MÉTASTASES, médecine
Mécanismes génétiques impliqués dans la métastase
Bien que les tumeurs soient, dans leur grande majorité, clonales, c'est-à-dire issues d'une cellule unique, la population cellulaire tumorale est étonnamment hétérogène. On peut donc envisager la progression tumorale comme l'application, à une cellule normale, de modifications génétiques (mutations) et épigénétiques, capables de produire toute une série de populations variantes qui seront elles-mêmes soumises à des pressions sélectives de la part du microenvironnement, ce qui permettra le développement et la dissémination éventuelle de variants ayant des caractéristiques phénotypiques et biologiques diverses. L'idée communément admise par le passé était que les changements génétiques se produisant dans les cellules durant les premières phases de la progression tumorale donnaient à celles-ci un avantage prolifératif, que ce soit par acquisition de signaux mitogènes constitutifs ou par la capacité de résister à des signaux d'arrêt de croissance ou la faculté d'échapper à la mort cellulaire programmée. Ensuite, certaines de ces cellules à haut potentiel malin, sélectionnées sur la base de leur avantage prolifératif, subiraient d'autres mutations dont certaines, rares, leur conféreraient la capacité de métastaser. Mais ce modèle est mis à mal par le fait que les gènes impliqués dans la dissémination métastatique ne confèrent pas d'avantage prolifératif. Il n'y a donc pas de raison de penser que le phénotype métastatique permet aux cellules concernées d'être progressivement sur-représentées dans la population tumorale, ce qui fait que, dans la masse tumorale, les cellules ayant acquis un pouvoir métastatique resteront très minoritaires. Or, comme nous l'avons signalé, le processus métastatique est par lui-même extraordinairement inefficace, et l'on ne pourrait imaginer, dans ces conditions, comment des métastases seraient à même de se former. Il faut donc considérer un modèle complètement différent dans lequel les mutations conférant un pouvoir métastatique se produiraient très tôt au cours du processus de cancérisation. Les mutations permettant à certaines de ces cellules d'avoir une capacité proliférative accrue se produiraient dans un deuxième temps et permettraient d'accroître, au sein de la population tumorale, les clones cellulaires à fort pouvoir métastatique.
Trois principes découlent de ce raisonnement. Le premier est que la tendance à métastaser est inscrite très tôt dans le patrimoine génétique d'un cancer donné. Le deuxième est qu'il n'existe pas de gènes exclusifs de la cascade métastatique ; ce sont en fait des gènes plus largement impliqués dans la progression tumorale, comme les oncogènes ou les gènes suppresseurs de tumeur.

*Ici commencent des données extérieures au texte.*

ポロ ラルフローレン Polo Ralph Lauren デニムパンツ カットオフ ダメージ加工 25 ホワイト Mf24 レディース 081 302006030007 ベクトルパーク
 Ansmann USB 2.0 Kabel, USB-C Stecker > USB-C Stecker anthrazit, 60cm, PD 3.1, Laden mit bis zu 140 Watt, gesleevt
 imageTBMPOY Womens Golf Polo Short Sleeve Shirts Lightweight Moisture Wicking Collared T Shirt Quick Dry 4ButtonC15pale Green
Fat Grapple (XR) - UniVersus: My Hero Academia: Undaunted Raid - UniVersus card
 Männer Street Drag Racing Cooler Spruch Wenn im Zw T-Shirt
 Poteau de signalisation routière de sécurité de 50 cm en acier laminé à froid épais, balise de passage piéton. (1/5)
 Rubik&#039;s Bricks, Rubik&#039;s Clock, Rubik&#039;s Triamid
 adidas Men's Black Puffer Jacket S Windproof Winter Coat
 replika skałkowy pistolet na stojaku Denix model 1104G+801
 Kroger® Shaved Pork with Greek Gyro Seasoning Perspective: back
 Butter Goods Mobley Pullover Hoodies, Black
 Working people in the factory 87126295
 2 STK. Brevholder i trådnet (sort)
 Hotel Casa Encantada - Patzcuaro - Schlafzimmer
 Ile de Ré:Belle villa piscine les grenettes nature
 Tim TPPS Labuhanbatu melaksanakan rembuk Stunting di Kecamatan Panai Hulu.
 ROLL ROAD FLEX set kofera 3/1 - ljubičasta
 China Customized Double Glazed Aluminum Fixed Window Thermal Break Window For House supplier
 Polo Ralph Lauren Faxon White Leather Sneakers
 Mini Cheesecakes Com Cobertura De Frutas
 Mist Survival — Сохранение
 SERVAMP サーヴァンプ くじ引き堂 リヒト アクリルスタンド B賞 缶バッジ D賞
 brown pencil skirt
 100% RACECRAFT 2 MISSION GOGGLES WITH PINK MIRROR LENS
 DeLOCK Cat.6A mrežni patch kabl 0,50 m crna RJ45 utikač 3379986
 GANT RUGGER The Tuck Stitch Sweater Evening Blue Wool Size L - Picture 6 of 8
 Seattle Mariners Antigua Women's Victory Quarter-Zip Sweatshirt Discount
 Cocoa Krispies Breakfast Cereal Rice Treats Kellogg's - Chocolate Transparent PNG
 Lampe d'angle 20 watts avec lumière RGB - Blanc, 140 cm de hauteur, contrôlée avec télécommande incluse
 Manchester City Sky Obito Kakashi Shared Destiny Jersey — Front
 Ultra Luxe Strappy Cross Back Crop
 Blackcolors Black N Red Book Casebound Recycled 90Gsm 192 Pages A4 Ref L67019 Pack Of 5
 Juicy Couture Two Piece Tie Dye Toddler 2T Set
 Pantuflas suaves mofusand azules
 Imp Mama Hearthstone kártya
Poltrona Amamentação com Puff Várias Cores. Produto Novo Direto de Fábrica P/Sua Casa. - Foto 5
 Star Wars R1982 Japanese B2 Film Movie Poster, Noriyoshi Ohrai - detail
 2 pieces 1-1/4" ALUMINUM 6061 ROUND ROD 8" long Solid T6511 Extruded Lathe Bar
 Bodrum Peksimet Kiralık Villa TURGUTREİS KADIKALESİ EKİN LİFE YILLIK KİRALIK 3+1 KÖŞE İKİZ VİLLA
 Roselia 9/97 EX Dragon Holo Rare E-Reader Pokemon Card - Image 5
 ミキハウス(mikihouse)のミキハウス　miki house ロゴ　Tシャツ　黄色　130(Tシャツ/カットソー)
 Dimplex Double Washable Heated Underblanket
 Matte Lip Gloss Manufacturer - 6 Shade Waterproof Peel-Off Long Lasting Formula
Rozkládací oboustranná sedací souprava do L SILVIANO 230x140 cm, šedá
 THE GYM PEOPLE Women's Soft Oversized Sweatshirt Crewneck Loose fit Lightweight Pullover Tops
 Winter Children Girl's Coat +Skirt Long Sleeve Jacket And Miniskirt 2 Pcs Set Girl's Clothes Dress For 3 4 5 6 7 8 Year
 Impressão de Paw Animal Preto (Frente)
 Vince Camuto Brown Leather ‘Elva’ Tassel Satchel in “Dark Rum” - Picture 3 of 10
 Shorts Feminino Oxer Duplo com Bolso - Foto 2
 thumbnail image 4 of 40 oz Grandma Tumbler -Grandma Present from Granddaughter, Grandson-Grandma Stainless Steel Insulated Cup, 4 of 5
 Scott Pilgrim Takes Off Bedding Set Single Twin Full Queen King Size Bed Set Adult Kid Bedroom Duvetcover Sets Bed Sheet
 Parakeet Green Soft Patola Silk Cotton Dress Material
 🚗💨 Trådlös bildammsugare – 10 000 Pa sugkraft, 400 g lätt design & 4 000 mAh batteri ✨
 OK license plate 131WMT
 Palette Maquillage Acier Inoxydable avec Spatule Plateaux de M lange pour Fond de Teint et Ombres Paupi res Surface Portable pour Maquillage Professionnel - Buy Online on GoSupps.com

Enfin, étant donné la précocité de l'apparition de mutations pouvant affecter le pouvoir métastatique au cours de la carcinogenèse, même des tumeurs très peu développées peuvent déjà contenir des cellules capables de disséminer. Ce concept est confirmé par un grand nombre d'observations cliniques, en particulier par le fait que l'on a pu trouver des métastases pour des cancers de taille très réduite ou encore le fait que le profil d'expression génique de la population dominante de certains cancers permet de prédire, avec une précision de 90 p. 100, si la tumeur restera localisée ou si le patient risque d'être atteint de métastases.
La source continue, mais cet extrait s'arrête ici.